# Trunk Light ?



## lotaguts (Jan 17, 2006)

Silly question, My trunk light does not come on am I missing something I have looked for a switch found nothing. I guess the bulb is burnt out but I am thinking already.... Any Ideas ?


----------



## gameover (May 13, 2005)

Mine has a mind of it's own, sometimes it comes on, sometimes it doesn't.
Haven't had a chance to check it out.
:cheers


----------



## raven1124 (Sep 23, 2005)

Just tap the white peg that turns it off. Sometimes it gets stuck.


----------



## lotaguts (Jan 17, 2006)

White Peg ? where the latch is at...


----------



## raven1124 (Sep 23, 2005)

It's on the trunk. When you lift the trunk up, it's kinda in the middle of the trunk. It's a little white or tan peg about a inch long. Kind of hard to put it in writing.


----------



## Tom (Nov 1, 2004)

on many gtos you have to manually stimulate the button by the boot to make it work.


----------



## nineball481 (Jan 3, 2006)

Tom said:


> manually stimulate.



hehehe, he said manually stimulate, hehehe


----------



## Braman'sGTO (Mar 14, 2005)

I had a similar problem with mine, I pulled the light cover off and found that the bulb was not all the way in the sockets. if you have a similar problem, be carefull puting it back in its a little tight and you may ground it out and blow a fuse, but should be a quick fix.


----------



## Groucho (Sep 11, 2004)

gameover said:


> Mine has a mind of it's own, sometimes it comes on, sometimes it doesn't.
> Haven't had a chance to check it out.
> :cheers



Lol. I was gonna post the same thing.

I'll check the peg-- thx.


----------



## lotaguts (Jan 17, 2006)

Ok checked the peg and its screwed up you have to jiggle it and then the light comes on. I figured after a couple jiggles it should work but after closing the trunk same thing seems to be a faulty switch. This sucks if I have to take it in just for this I got a $30k car with 400 horses under the hood barely 200 miles but no trunk light. :lol:


----------



## 2much (Jan 22, 2006)

The trunk light switch had to be replaced on my 05. So far the only problem with the car. 

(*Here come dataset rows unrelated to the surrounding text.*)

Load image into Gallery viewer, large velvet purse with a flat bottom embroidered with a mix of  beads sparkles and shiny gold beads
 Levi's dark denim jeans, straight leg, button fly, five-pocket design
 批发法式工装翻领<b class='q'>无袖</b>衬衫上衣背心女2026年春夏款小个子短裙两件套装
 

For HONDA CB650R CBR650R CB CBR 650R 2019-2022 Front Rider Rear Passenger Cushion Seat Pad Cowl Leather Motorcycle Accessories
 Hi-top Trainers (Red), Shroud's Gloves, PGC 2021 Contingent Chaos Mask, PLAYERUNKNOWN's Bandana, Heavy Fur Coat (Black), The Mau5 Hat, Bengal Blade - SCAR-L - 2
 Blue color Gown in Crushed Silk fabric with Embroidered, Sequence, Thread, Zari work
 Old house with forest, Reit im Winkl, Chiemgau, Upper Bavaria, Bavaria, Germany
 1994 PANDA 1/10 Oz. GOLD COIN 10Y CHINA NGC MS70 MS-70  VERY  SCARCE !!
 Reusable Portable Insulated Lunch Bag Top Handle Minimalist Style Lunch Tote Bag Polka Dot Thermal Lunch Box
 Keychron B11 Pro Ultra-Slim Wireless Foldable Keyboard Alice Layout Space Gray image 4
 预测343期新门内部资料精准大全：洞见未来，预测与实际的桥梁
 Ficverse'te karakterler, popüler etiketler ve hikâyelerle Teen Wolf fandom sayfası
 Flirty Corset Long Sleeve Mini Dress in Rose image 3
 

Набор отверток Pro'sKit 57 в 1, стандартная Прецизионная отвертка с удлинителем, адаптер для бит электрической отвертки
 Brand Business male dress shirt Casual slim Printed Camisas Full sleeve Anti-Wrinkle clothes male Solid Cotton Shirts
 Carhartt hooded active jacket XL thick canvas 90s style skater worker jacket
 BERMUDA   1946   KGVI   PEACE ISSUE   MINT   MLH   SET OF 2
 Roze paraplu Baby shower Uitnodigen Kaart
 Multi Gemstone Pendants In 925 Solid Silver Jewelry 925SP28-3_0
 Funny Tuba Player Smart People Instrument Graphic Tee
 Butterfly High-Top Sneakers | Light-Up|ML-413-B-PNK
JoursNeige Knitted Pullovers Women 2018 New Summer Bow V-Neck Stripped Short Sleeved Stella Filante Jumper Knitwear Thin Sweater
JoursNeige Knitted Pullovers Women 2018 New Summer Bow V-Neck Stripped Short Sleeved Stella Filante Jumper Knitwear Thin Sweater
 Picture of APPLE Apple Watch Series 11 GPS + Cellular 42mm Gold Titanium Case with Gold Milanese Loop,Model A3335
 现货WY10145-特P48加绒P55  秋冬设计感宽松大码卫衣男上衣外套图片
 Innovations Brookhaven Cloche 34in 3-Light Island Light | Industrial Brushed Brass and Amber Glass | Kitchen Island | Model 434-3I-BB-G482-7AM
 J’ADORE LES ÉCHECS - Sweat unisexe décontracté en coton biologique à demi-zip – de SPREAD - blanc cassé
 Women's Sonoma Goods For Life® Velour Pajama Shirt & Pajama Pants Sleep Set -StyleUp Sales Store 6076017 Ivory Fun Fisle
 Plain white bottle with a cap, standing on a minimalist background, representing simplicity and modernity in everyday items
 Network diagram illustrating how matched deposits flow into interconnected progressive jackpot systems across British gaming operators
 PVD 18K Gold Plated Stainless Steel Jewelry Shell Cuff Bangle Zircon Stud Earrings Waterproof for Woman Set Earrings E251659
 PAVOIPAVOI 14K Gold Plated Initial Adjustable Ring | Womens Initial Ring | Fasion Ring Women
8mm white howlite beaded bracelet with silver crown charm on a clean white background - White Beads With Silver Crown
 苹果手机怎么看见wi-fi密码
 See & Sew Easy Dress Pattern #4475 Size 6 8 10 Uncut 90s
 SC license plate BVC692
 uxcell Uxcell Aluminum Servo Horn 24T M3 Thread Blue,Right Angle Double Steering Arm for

I have only recently joined this list. It has been interesting reading about experiences of fellow GTO owners. I've had mine since June of last year.


----------



## Braman'sGTO (Mar 14, 2005)

speaking of that end of the car, has anyone had any problems with the paint on their spoiler. Only part put on in the US and I have what look like water spots on the paint under the clear coat. Dont have them anywhere else on the car


----------



## Russ2005 (Nov 24, 2005)

Braman...the paint issue has been discussed several times on the forum. Try entering "Paint Question" or "Paint problems" in the forum search and you will find those threads. Basically, it is an issue with moisture under the paint. A heat gun appears to be the generally accepted answer.


----------



## noz34me (Dec 15, 2005)

I found that my switch was not "pulling out" far enough. Like there's an obstruction inside the sleeve the post comes out of. When I just pull on the post, I can feel it pop past the obstruction and the light comes on.

I've got a short list; rattle in door, now trunk light I'm making up to go to the dealer. I just can't bring myself to let them tear parts of it down yet, so unless it's something major, I'm waiting till it gets nearly a year old.


----------



## J.E.T. (Sep 30, 2005)

lotaguts said:


> Ok checked the peg and its screwed up you have to jiggle it and then the light comes on. I figured after a couple jiggles it should work but after closing the trunk same thing seems to be a faulty switch. This sucks if I have to take it in just for this I got a $30k car with 400 horses under the hood barely 200 miles but no trunk light. :lol:


That's what your dealer is for.........

JET


----------